Cuban knows that addiction is not uncommon in the profession. A study published in 2016 and funded by the Hazelden Betty Ford Foundation and the ABA Commission on Lawyer Assistance Programs found that 20.6% of the nearly 13,000 lawyers surveyed had a score corresponding to problematic alcohol use. .

More recently, a 2021 survey of nearly 3,000 members of the California Lawyers Association and the DC Bar found that about 30% of them tested positive for dangerous high-risk drinking. [The study authors acknowledged that, while efforts were made to account for an impact of the pandemic, its effect could not be ruled out.]

Cuban tells me that lawyers he speaks with and works with who fight drug addiction indicate that the pandemic has had a “huge impact, especially among solo practitioners and small firms.” They are the most isolated.

He points out various reasons why many lawyers do not seek help. Law is a “profession of thinkers,” he says. “Lawyers tend to believe that they can find a way out of a problem.”

He also attributes their reluctance to stigma. Lawyers view vulnerability as a “weakness,” Cuban says. “But vulnerability is one of the main pillars of recovery – the ability to walk in a safe space and just express your shame and pain.”

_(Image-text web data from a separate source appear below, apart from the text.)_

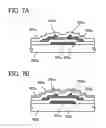 Fig. 08 - Liquid crystal display device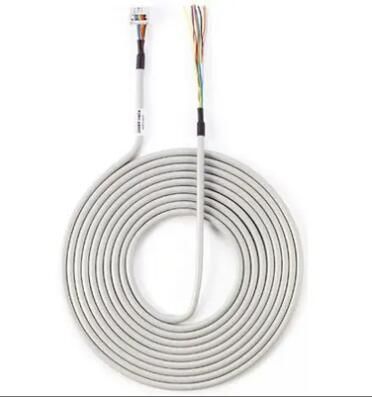 OMRON P2RVA300C Cable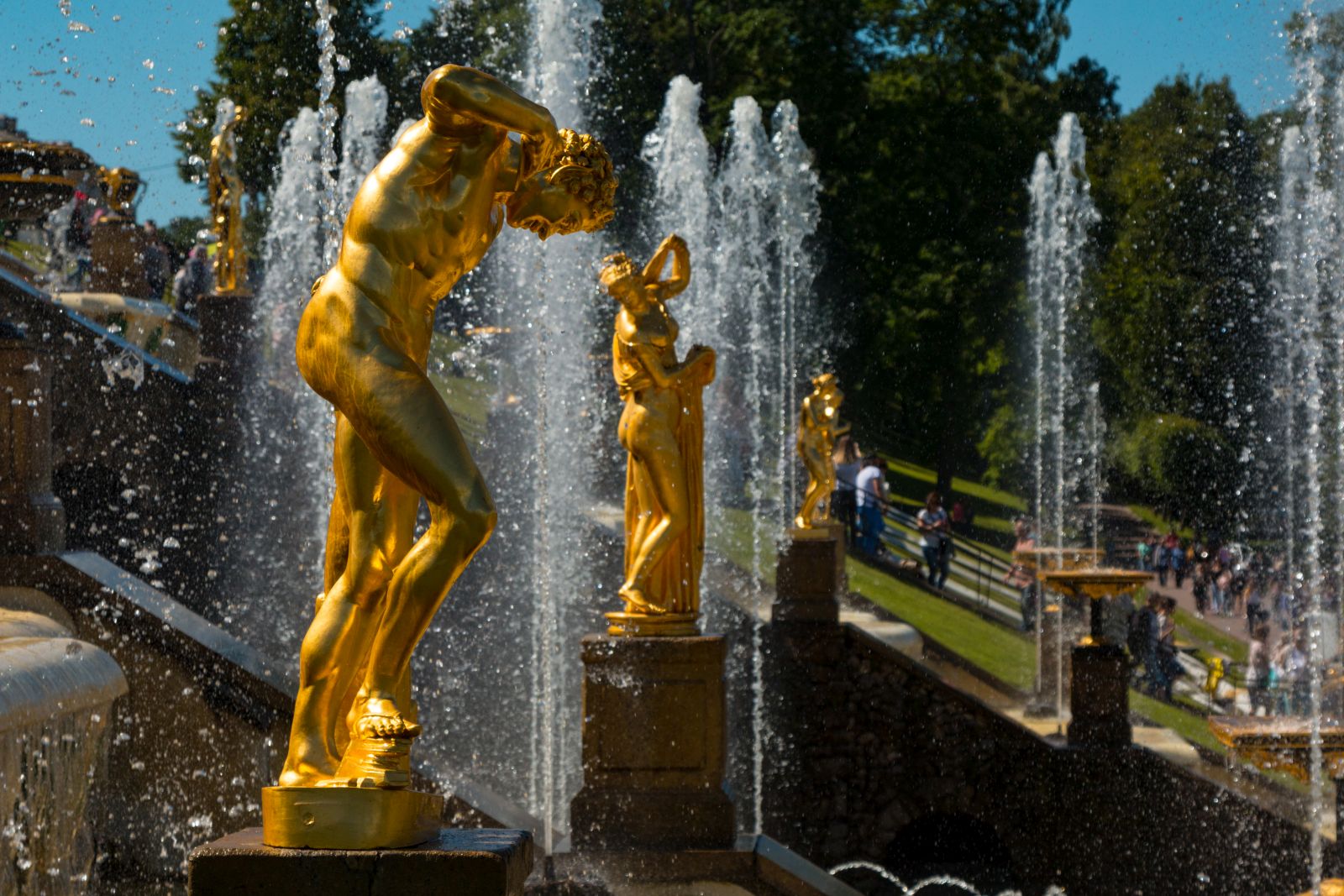 StP_Peterhof_07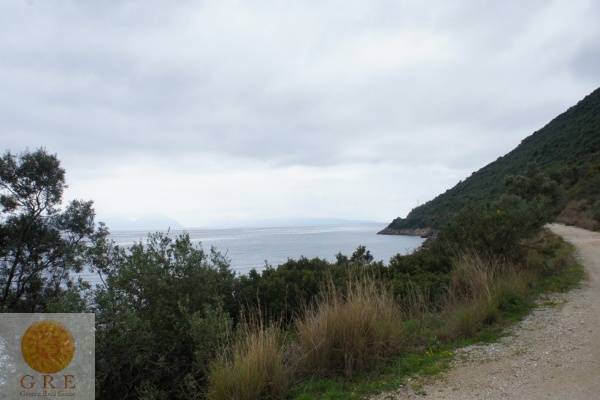 אדמה-183-לפקדה-1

Some lawyers are also concerned that seeking help with an addiction could lead to character and fitness issues in their state bars. “So why even risk it?” Is becoming the dominant thought, says Cuban. “Better kick the box on the road. “

As I finished our interview, Cuban asked me if he could add one thing. The ex-addict has advice for those whose struggles he knows: “Let go of that wall of shame, in a safe place, for just a millisecond and move on,” he says, “maybe the path to a life so fulfilling that you never imagined. “

See also: “COVID-19 Didn’t Stop This Lawyer From Advocating For Well-Being And Recovery” “Striving for Perfection: Brian Cuban on Lawyers and Body Image (podcast)”

Randy Maniloff

Randy Maniloff is a lawyer with White and Williams in Philadelphia and an assistant professor at Temple University Beasley School of Law. He runs the site.

This column reflects the views of the author and not necessarily those of the ABA Journal or the American Bar Association.